### Work task:
Below are entries. Reproduce exactly the lines between the line holding "Kiwi liqueur with lime zest and cardamom" and the line holding "Homem é assassinado", inclusive, and only those.

### Dataset records:
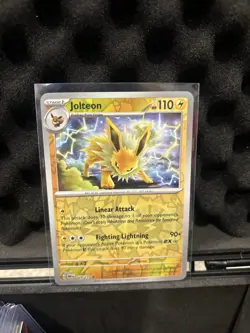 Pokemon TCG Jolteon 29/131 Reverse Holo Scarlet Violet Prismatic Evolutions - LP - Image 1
--
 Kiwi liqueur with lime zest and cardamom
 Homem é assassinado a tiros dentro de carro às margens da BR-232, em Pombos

### Result for this task:
 Kiwi liqueur with lime zest and cardamom
 Homem é assassinado a tiros dentro de carro às margens da BR-232, em Pombos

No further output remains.